Think about that: A decade ago, it was still ignored and overrun. It took more than a half-century after the last burial for somebody to finally get around to maintaining it.
During the cleanup work, the county found broken headstones and other debris littering the ground. But they got it cleaned up, documented what remained, and even did radar tests to confirm that there were more burials there than are marked currently.
Today there are supposed to be seven headstones in the cemetery — it’s locked so I couldn’t go inside to verify — but dozens more are laid to rest there. Exactly who they all are, nobody can say. We don’t even know how long they’ve been there.

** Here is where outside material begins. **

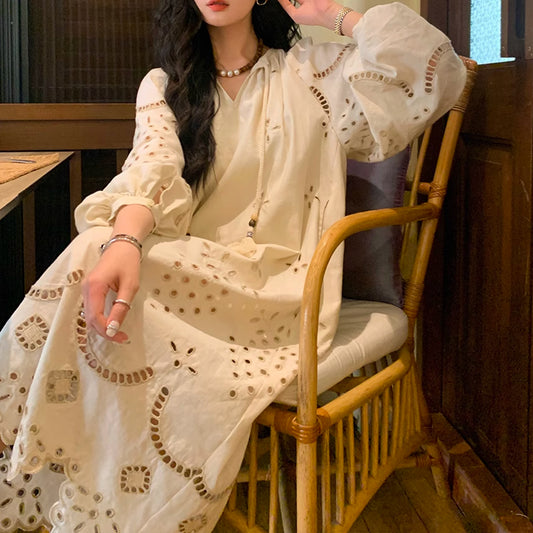 Vestido Maxi Boho Étnico de Lino con Bordados, Escote V Blanco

Some documentation suggests there were graves decades before the sawmill came into existence, meaning the use of the land as a cemetery predates the town proper. But most headstones were made of wood, and have since decayed away.
The few stone headstones that do exist stick up from the ground like broken teeth, and many of those only hint at who lies at rest there. Some have names but no legible dates. One has a name with a single date, so we don’t know if that’s the date of birth or death.
Another is an infant from the Horton family. And there are many more beneath the earth. They all have stories; we just don’t know what they are.
Unfortunately, this isn’t one of those “go see this place” stories. The gates are locked. Barbed wire designates the cemetery’s boundaries, and there’s nowhere to park but the open field by the side of the road.
If you were to walk up to it and didn’t read the signage, you’d have no idea it was a cemetery. There are no benches and no pathways. I think in the very back you can see one of the headstones, but driving by in your car it would just be a blur of trees and grass.
It’s more than that, of course. It’s the final resting place of hard-working people who lived during a difficult time, kept their faith, and were buried close to where they lived. And it’s good that the cemetery is finally cleaned up, designated and protected.
But you get the feeling that those laid to rest there deserved better over the years. The decades weren’t kind to the Mount Carmel Cemetery, and the situation only improved a few years ago.
The word “Ehren” is of German origin, and it means “to honor.” But when it comes to the deceased buried at the cemetery, it took decades to begin to live up to that word.